Captioned web image data:
= = = = = = =
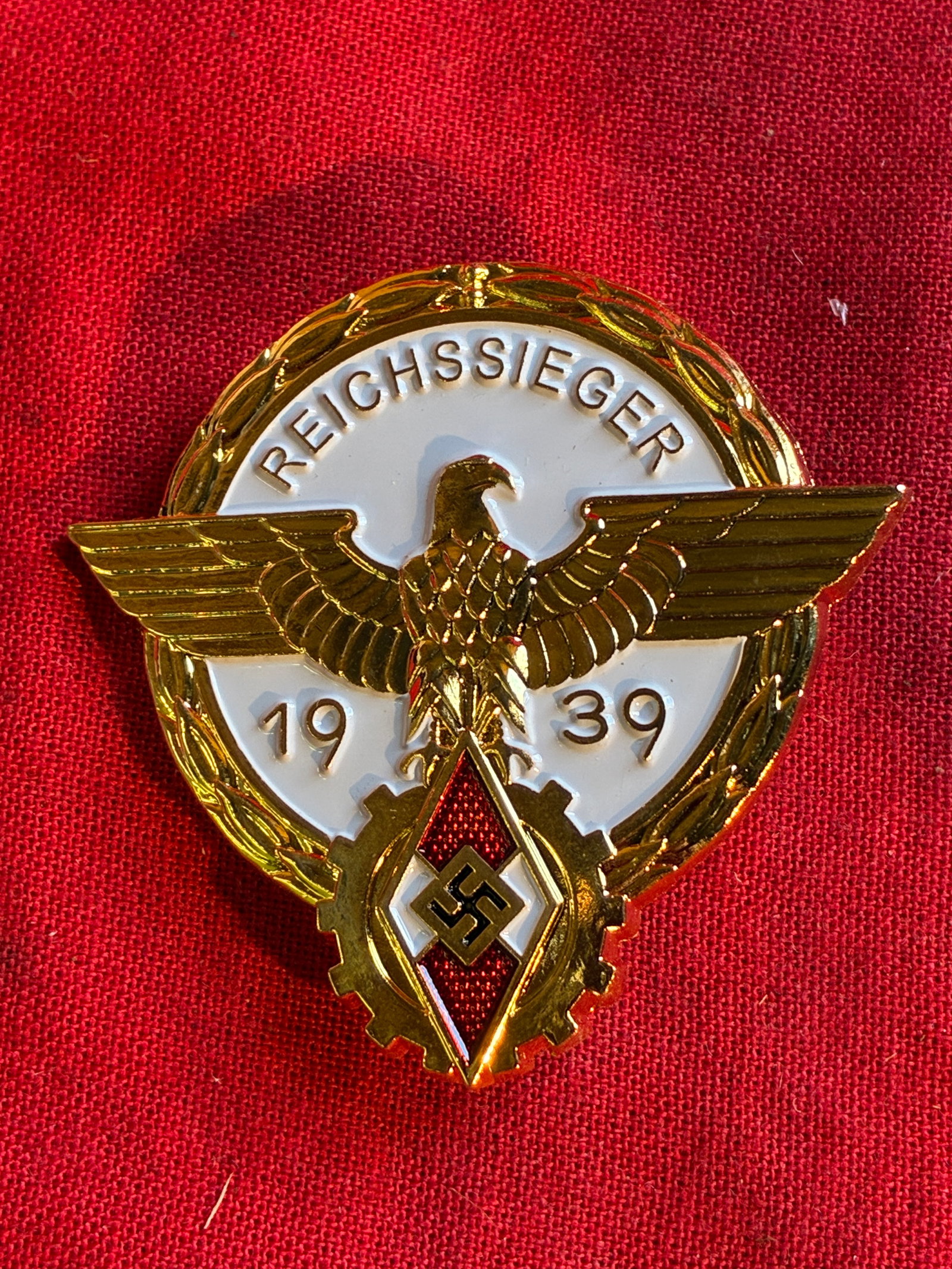 WWII GERMAN THIRD REICH REICHESSIEGER HITLER YOUTH BADGE BY G. BREHMER MARKNEUKIRCHEN: WWII GERMAN THIRD REICH REICHESSIEGER HITLER YOUTH BADGE BY G. BREHMER MARKNEUKIRCHEN. IN EXCEPTIONAL OVERALL SHAPE AND CONDITION WITH A BEAUTIFUL OVERALL PATINA. PLEASE VIEW ALL DETAILED PICTURES. A 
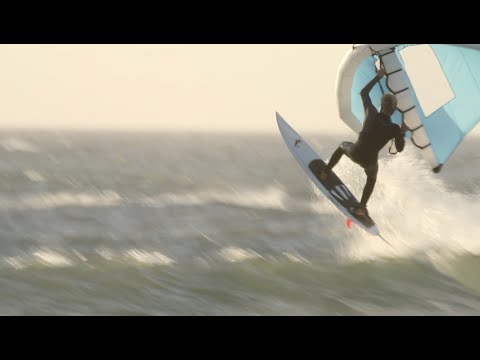 Will this become a new sport?  WING SURFING WITH A KITE BOARD @ BIG BAY SOUTH AFRICA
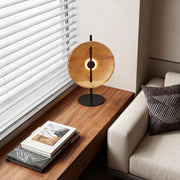 Wood modern table lamp placed on a corner table near window for cozy lighting.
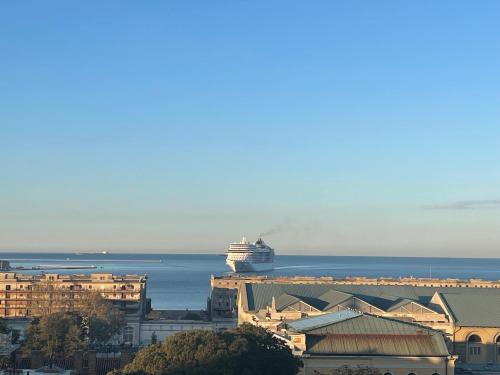 a cruise ship in the ocean next to a city at Casanova Bluelife in Trieste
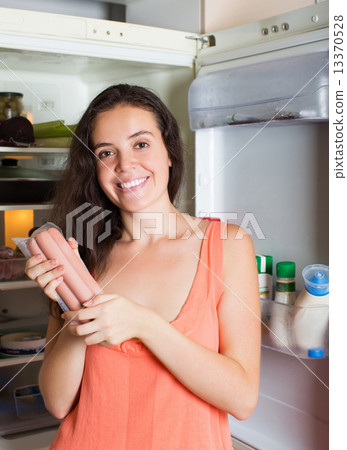 Woman taking sausages from fridge 13370528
= = = = = = =
-- Activity --
Take the line that contains "Will this become" as the first and the last line of the records as the end, and please quote those lines exactly, pictures omitted.

-- Task answer --
 Will this become a new sport?  WING SURFING WITH A KITE BOARD @ BIG BAY SOUTH AFRICA
 Wood modern table lamp placed on a corner table near window for cozy lighting.
 a cruise ship in the ocean next to a city at Casanova Bluelife in Trieste
 Woman taking sausages from fridge 13370528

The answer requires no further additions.